It is important to ensure that there is consistent communication with the team. Regular communication will create more buy-in, identify better solutions, and avoid potential pitfalls. The following is a list of responsibilities for the core team:

  1. The primary reviewer:
    1. Manages the event review.
    2. Facilitates interviews with frontline staff and content experts.
    3. Compiles the content for documentation of the event.
    4. Determines suspected causal factors for the event and presents to other core team members in preparation for the confirmation and consensus meeting.
    5. Conducts/facilitates the confirmation and consensus and solutions meetings.
    6. Ensures the quality of the final documentation.
  2. The executive sponsor (CMO, CNO, or other senior leader):
    1. Provides guidance and assistance in making sure staff is available for interviews and meetings.
    2. Ensures roadblocks are removed and adequate resources are supplied to complete the review and implement solutions.
  3. The administrative support:
    1. Makes appointments.
    2. Sets up meetings and interviews.
    3. Keeps the documentation organized.

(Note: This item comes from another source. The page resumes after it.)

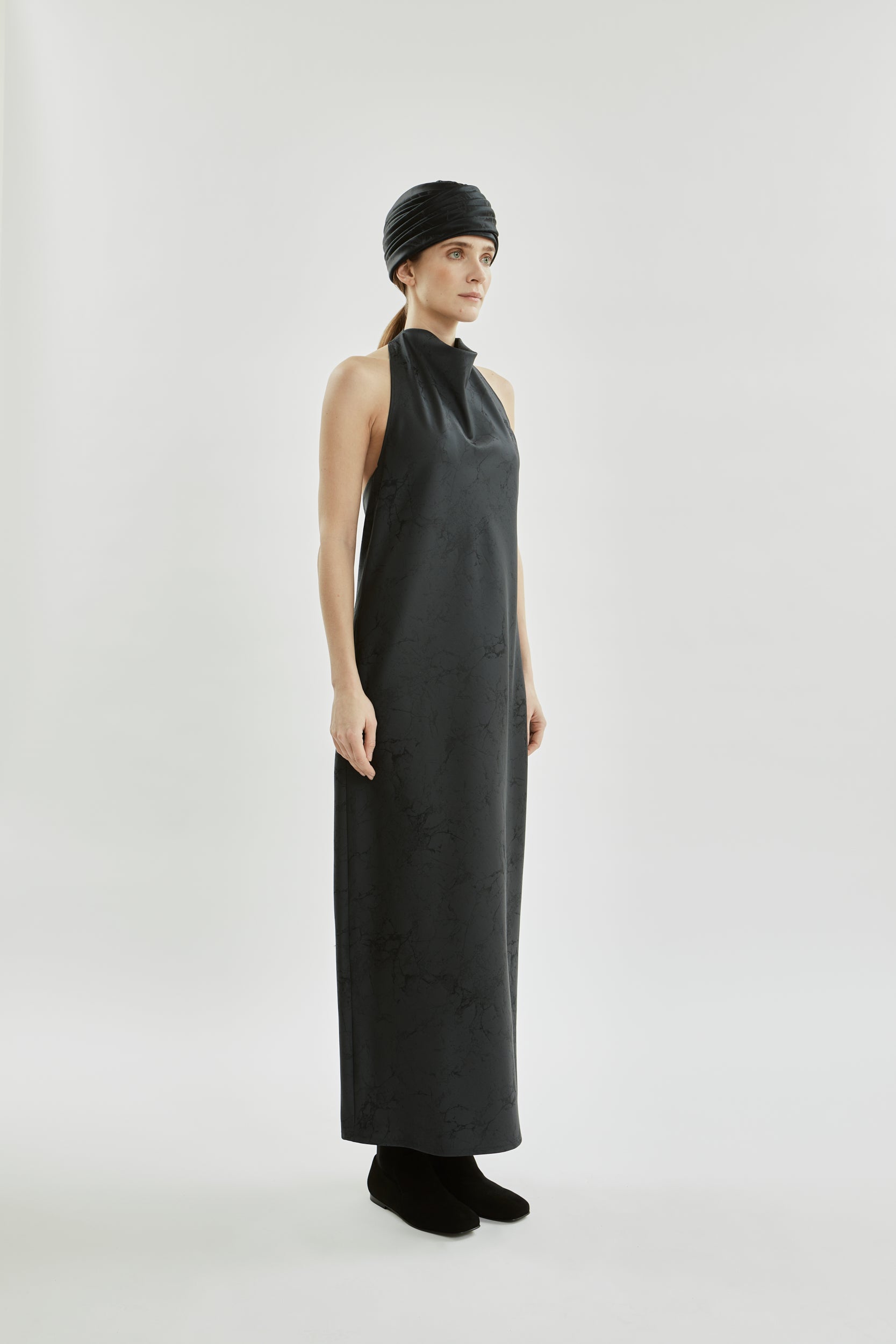 Francoise dress | Grey jacquard - Wool silk blend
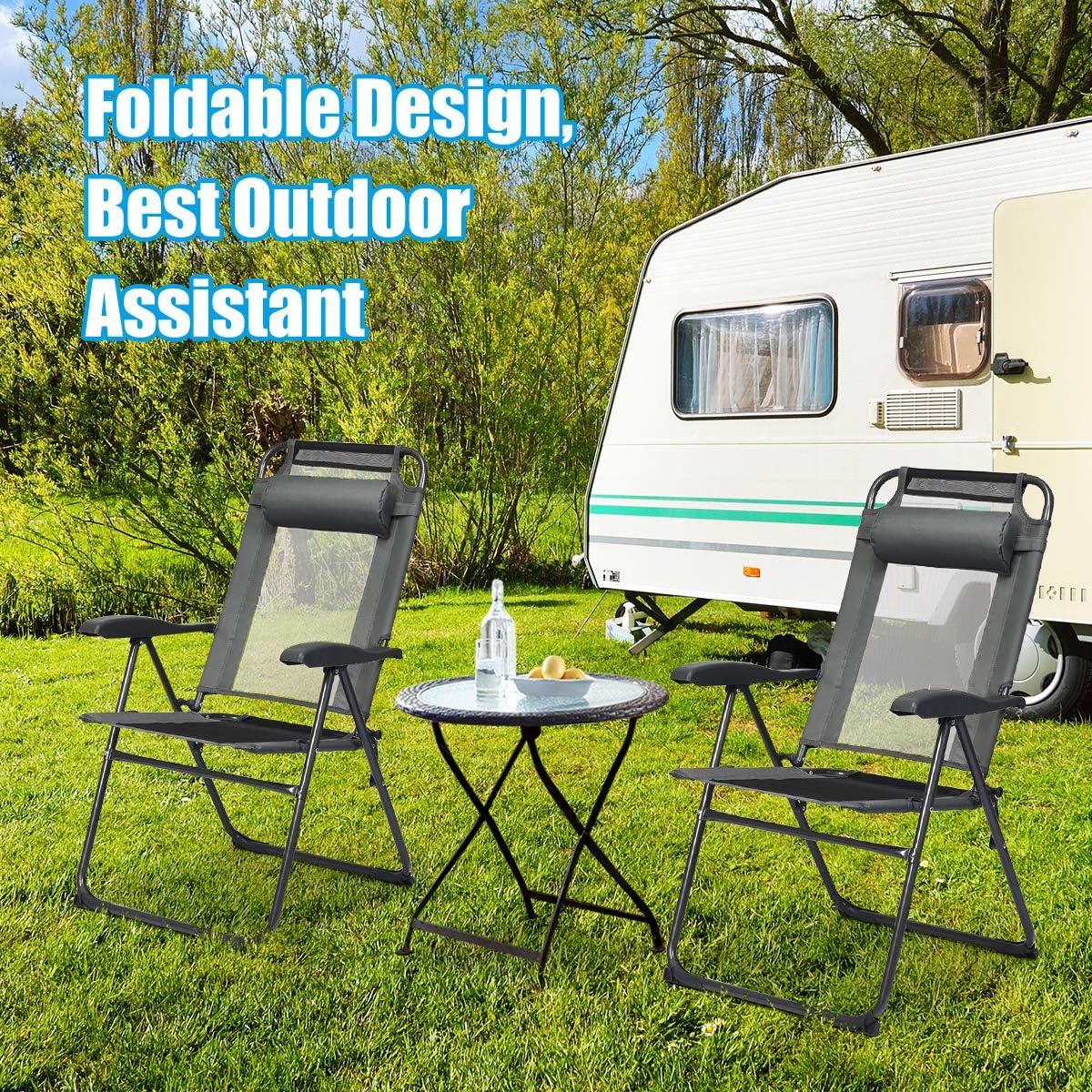 image:imageGiantex Set of 4 Patio Dining Chairs Folding Lounge Chairs with 7 Level Adjustable Backrest 300 Lbs Capacity Outdoor Portable Chairs with Metal FrameGrey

Based on the preliminary event report, the core team will begin to consider which types of subject experts to reach out to for guidance. These subject experts will inform the core team. Examples of subject experts include individuals in the following areas:

  1. Biomedical engineering.
  2. Facilities.
  3. Human factors or other system safety engineering field.
  4. Information technology.
  5. Medical and surgical specialties.
  6. Nursing.
  7. Pharmacy.
  8. Risk management.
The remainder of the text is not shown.